その瞬間、私は反射的に繋いでいた手を離し、ち〜ちゃんの口を押さえた。
「きゃ〜! 恥ずかしいから言わないで!」
叫ぶ私に、
「恥ずかしいって……。手を繋いで歩いてるところを見られたのは、恥ずかしくないの?」
と突っ込まれてしまう。
「い〜わ〜な〜い〜で〜!」
照れと恥ずかしさが入り混じった感情のまま、ち〜ちゃんに抱きつくと、
「それより! ち〜ちゃんの彼氏って新井君だったんだ!」
必殺・話題すり替えの術を発動させると、ち〜ちゃんはケロッとした顔で、
「あれ? 言ってなかったっけ?」
と笑った。
その間に、どうやら長塚君と新井君は「一緒にご飯を食べよう」という話をまとめていたらしい。

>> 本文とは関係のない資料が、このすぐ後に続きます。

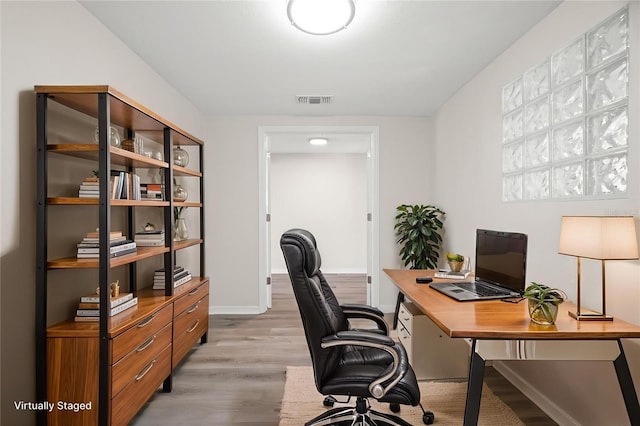 5122 Chet Dr, New Port Richey, FL 34652 - office area featuring light wood-type flooring and baseboards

「俺、店を予約してたんだけど、電話したら人数が増えても大丈夫だって」
行き当たりばったりな私たちとは違い、事前にきちんと調べて予約までしている新井君を、思わず尊敬の眼差しで見てしまう。
「それにしても、二人が付き合ってるなんて知らなかったよ」
新井君の言葉に、長塚君は否定も肯定もせず、曖昧に視線を逸らした。
「あまりにも初々しかったからさ。つい声かけちゃった」
ニヤニヤしながら言うち〜ちゃんに、
「お願い……それ以上言わないで!」
と、私は必死に懇願する。
「やだ〜。真っ赤になって、可愛い」
からかうち〜ちゃんに私がアワアワしていると、長塚君が私の肩を引き寄せた。
「子供にぶつかるよ」
耳元でそう囁かれ、目の前を走り去る子供を目で追う。
背中と肩に感じる長塚君の体温に、全身から一気に汗が噴き出しそうになる。
「ひゃあ! ご、ごめんなさい」
緊張で固まっていると、ち〜ちゃんと新井君が、揃ってニヤニヤしながらこちらを見ていた。